Gestern Abend wurde die Gamescom mit der Opening Night (S'ouvre dans une nouvelle fenêtre) offiziell eröffnet - tatsächlich live vor Publikum, also fast so wie früher. Manchmal gab es sogar Jubel, wenn auch nicht so euphorisch oder gar hysterisch wie zu E3-Zeiten, als es noch diese inzestuösen Pressekonferenzen gab.
Die spürbare, aber eher gedämpfte Freude mag auch daher rühren, dass Sony, Nintendo sowie die ganz großen Highlights in Köln bekanntlich fehlen. Die unspektakulären Gamescom Awards wirkten wie Placebos und nach so manchen Weltpremieren war es sogar verdächtig leise in der Halle, so als wären sich alle der Irrelevanz bewusst. Zumal die Art der Inszenierung nicht gerade vorteilhaft ist.
Zwar sorgten Interviews für etwas Abwechslung, aber im Stakkato dieser Trailershow schien irgendwann alles in einem bunten und blutigen Brei zu verschwimmen, bei dem die eingestreuten gesellschaftlichen Mahnungen vom Klima bis zum Krieg natürlich gut gemeint, aber auch irgendwie fehl am Platze wirkten - da schien die bizarre Werbung für das Pokémon-Auto fast harmonischer integriert.
Spätestens als es die Zuschaltung zur ESA-Astronautin Samantha Cristoforetti gab, wurde die Rolle der Spielebranche galaktisch überhöht. Ich liebe Spiele, ich wertschätze Kreativität, ich bin Zocker durch und durch. Aber wenn alle überall betonen wie unfassbar wichtig und wunderbar dieses Hobby für die Menschheit und den Planeten ist, wird es peinlich. Es gibt faszinierende Bücher, Comics, Filme, Brettspiele und tatsächlich auch Videospiele - fertig.
Natürlich geht es auf dieser Bühne nicht anders, zumal sich alle zurecht darüber freuen, dass es nach Corona endlich wieder eine Messe zum Anfassen gibt. Geoff Keighley ist ein smarter Gastgeber und ein Profi, also muss er in seiner Show knallhart durchheucheln, wie "Awesome" alle Spiele sind, wie "Awesome" alle Artdesigns sind und wie "Awesome" alle Teams sind.
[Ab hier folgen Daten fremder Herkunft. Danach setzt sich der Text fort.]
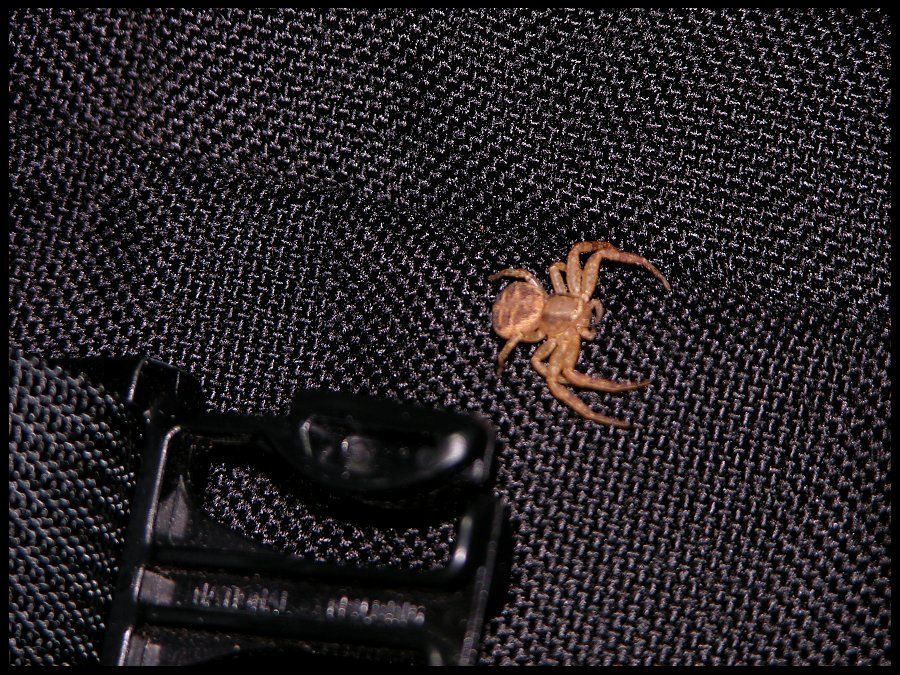 039_hitch_hiker.jpg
Aber als er ins Publikum fragte, ob jemand Homeworld gezockt hat und fast kein Jubel zurückschallte, war das eine ebenso schöne wie entlarvende Ruhe in einem Bildersturm. Da wurden so viele Eindrücke so schnell rausgeballert, dass es tatsächlich schmerzen konnte. Das Gute ist: Man kann dabei die gesunde Abscheu trainieren. Denn zwei, drei Sekunden reichen, um von einer der zig generischen Kulissen oder Mechaniken tatsächlich abgestoßen zu werden.
Vor allem, wenn man so etwas mit normalen Leuten schaut, die nicht aus der Branche kommen und fast keinen der Titel kennen. Denn sie wollen einfach mal sehen, was es so tolles Neues für PC und Konsole gibt. Statt "Awesome" nonstop hört man dann eher: Was ist das denn? Warum sieht das alles gleich aus? Wieso müssen die so peinliche Mucke unterlegen? Wieder so ein Geballer? Meinen die das ernst mit der Grafik? Gibt es nur noch denselben Scheiß?
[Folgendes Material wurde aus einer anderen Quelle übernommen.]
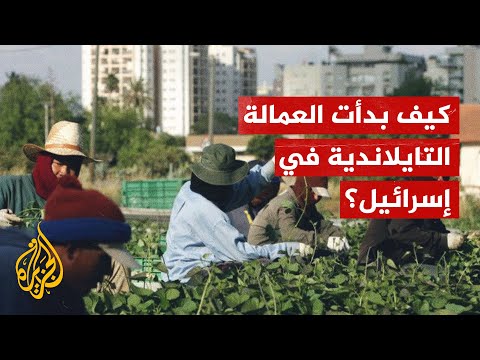 لماذا يوجد عمال من تايلاند في إسرائيل؟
Natürlich ist das komplett überzogen, ungerecht und undifferenziert. Schließlich gab es zwischen den hundertdrölfzig Spielen auch das eine oder andere, auf das man sich zurecht freuen kann - oder das neugierig macht. Außerdem hat Dorfromantik für etwas Zen-Ruhe gesorgt. Und selbst abgebrühte Berufszocker haben schließlich noch ein Herz für Spiele. Also machen sie sich in den zwei Stunden der Show reichlich kompetente Notizen. Hier sind meine:
The Lords of the Fallen = wer ist Hexworks? Deck13-Titel-Reboot?; Callisto Protocol = Gore-Abnutzung oder Horror?; Under the Waves = mal sehen; Moonbreaker = kitschig und wtf soll da Sanderson?; Lies of P = jup; Where Winds Meet = GoT für Arme?; Wyrdsong evtl. RPG-Geheimtipp; Deck13 macht Atlas Fallen = kein Soulslike?; Scars Above = joah; Blacktail = ?; Homeworld 3 = yes; Dead Island 2 = nope.